Vingt septième passage – Il nous fit sortir de l’Egypte
וַיּוֹצִיאֵנוּ ה׳ מִמִּצְרַיִם. בְּיָד חֲזָקָה וּבִזְרֹעַ נְטוּיָה וּבְמֹרָא גָּדוֹל. וּבְאֹתוֹת וּבְמֹפְתִים:
וַיּוֹצִיאֵנוּ ה׳ מִמִּצְרַיִם. לֹא עַל יְדֵי מַלְאָךְ. וְלֹא עַל יְדֵי שָׂרָף. וְלֹא עַל יְדֵי שָׁלִיחַ. אֶלָּא הַקָּדוֹשׁ בָּרוּךְ הוּא בִּכְבוֹדוֹ וּבְעַצְמוֹ. שֶׁנֶּאֱמַר. וְעָבַרְתִּי בְּאֶרֶץ מִצְרַיִם בַּלַּיְלָה הַזֶּה. וְהִכֵּיתִי כָּל-בְּכוֹר בְּאֶרֶץ מִצְרַיִם מֵאָדָם וְעַד בְּהֵמָה. וּבְכָל- אֱלֹהֵי מִצְרַיִם אֶעֱשֶׂה שְׁפָטִים. אֲנִי ה׳:
[Dévarim/Deutéronome, Ch. 26, v8] Il nous fit sortir de l’Egypte avec une main puissante et un bras étendu, et en imprimant la terreur, et en opérant signes et prodiges.

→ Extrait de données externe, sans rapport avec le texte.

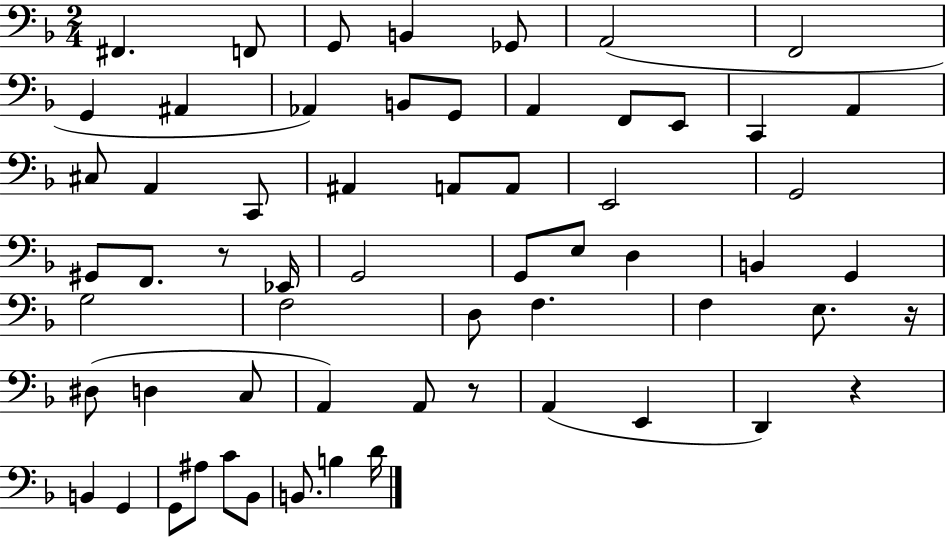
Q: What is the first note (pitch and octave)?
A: F#2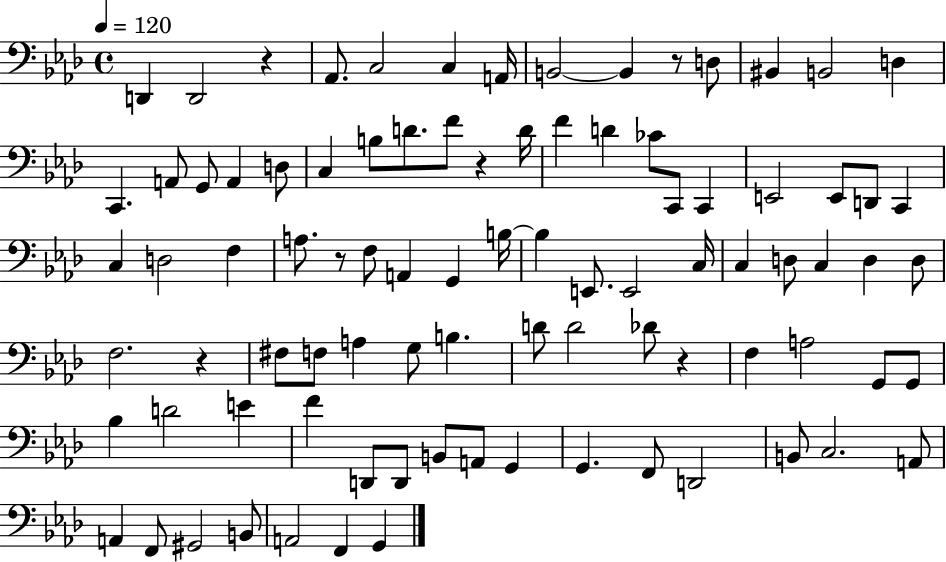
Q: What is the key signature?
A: AES major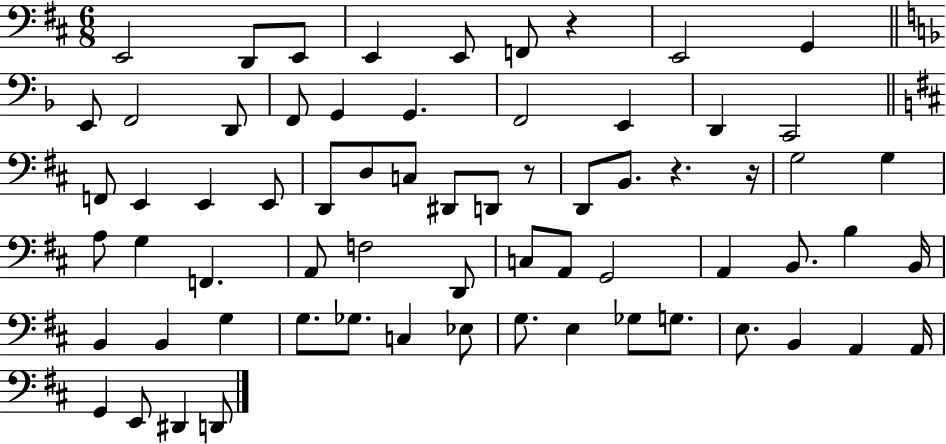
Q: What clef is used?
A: bass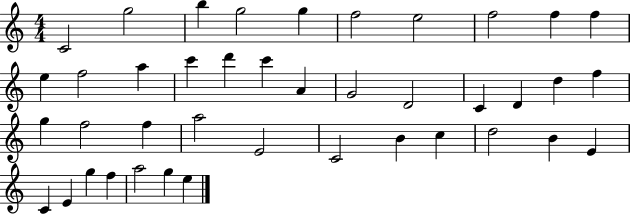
{
  \clef treble
  \numericTimeSignature
  \time 4/4
  \key c \major
  c'2 g''2 | b''4 g''2 g''4 | f''2 e''2 | f''2 f''4 f''4 | \break e''4 f''2 a''4 | c'''4 d'''4 c'''4 a'4 | g'2 d'2 | c'4 d'4 d''4 f''4 | \break g''4 f''2 f''4 | a''2 e'2 | c'2 b'4 c''4 | d''2 b'4 e'4 | \break c'4 e'4 g''4 f''4 | a''2 g''4 e''4 | \bar "|."
}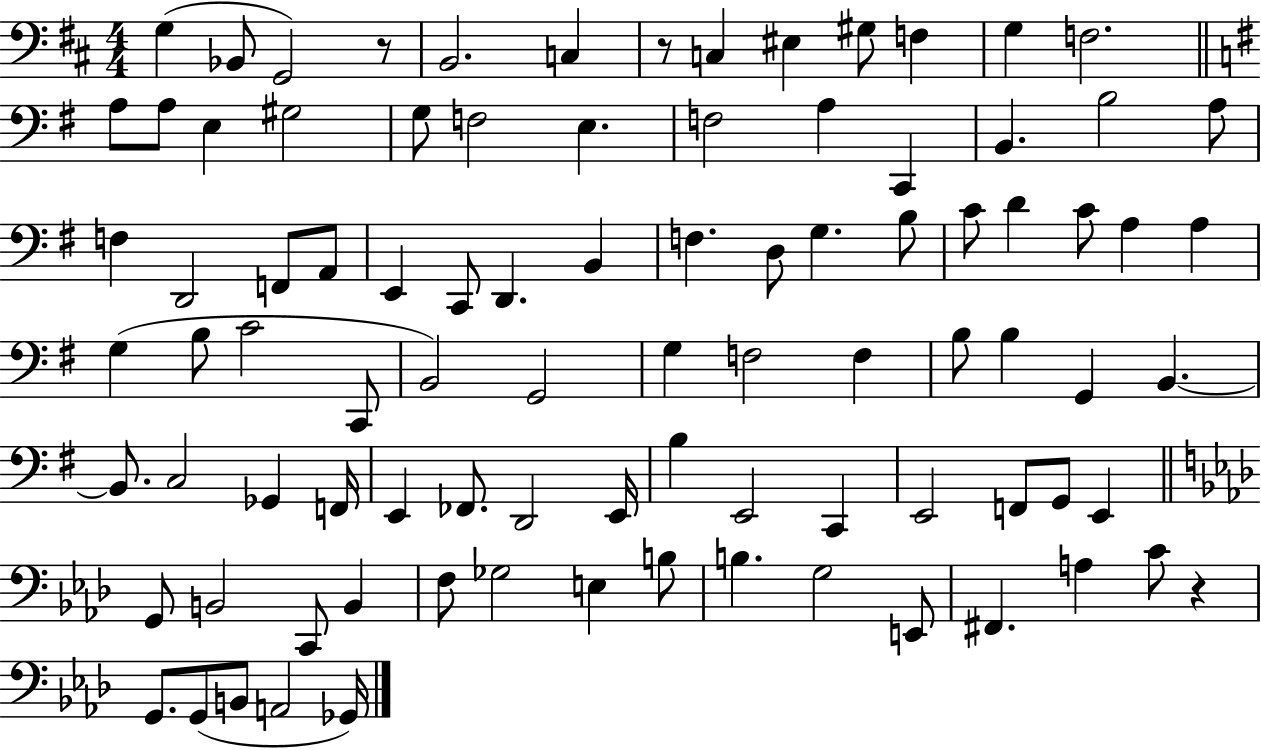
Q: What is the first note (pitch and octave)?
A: G3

L’Eternel nous fit sortir d’Egypte, non par l’intermédiaire d’un ange, ni par l’intermédiaire d’un Séraphin, ni par l’intermédiaire d’un autre émissaire, mais le Saint, béni soit-Il, Lui-même dans toute sa gloire, comme il est écrit (Shémot/Exode Ch. 12, v12):
Je parcourrai le pays d’Égypte, cette même nuit; je frapperai tout premier-né dans le pays d’Égypte, depuis l’homme jusqu’à la bête et je ferai justice de toutes les divinités de l’Égypte, moi l’Éternel!
1) Haggadah Higguid Léâmo du Rav Bouguid Saâdoun Zatsal pages 106-107
Il nous fit sortir de l’Egypte avec une main puissante il s’agit du quatrième verset concernant les prémices, le Magguid va l’interpréter « mot à mot » comme il l’a fait pour les versets précédents.
avec une main puissante et un bras étendu dans la Parasha Vaet’hanane il est écrit (Deutéronome Ch. 4, v34)
אוֹ הֲנִסָּה אֱלֹקִים, לָבוֹא לָקַחַת לוֹ גוֹי מִקֶּרֶב גּוֹי, בְּמַסֹּת בְּאֹתֹת וּבְמוֹפְתִים וּבְמִלְחָמָה וּבְיָד חֲזָקָה וּבִזְרוֹעַ נְטוּיָה, וּבְמוֹרָאִים גְּדֹלִים: כְּכֹל אֲשֶׁר-עָשָׂה לָכֶם ה׳ אֱלֹהֵיכֶם, בְּמִצְרַיִם–לְעֵינֶיךָ.
Et quelle divinité entreprit jamais d’aller se chercher un peuple au milieu d’un autre peuple, à force d’épreuves, de signes et de miracles, en combattant d’une main puissante et d’un bras étendu, en imposant la terreur, toutes choses que l’Éternel, votre D.ieu, a faites pour vous, en Egypte, à vos yeux?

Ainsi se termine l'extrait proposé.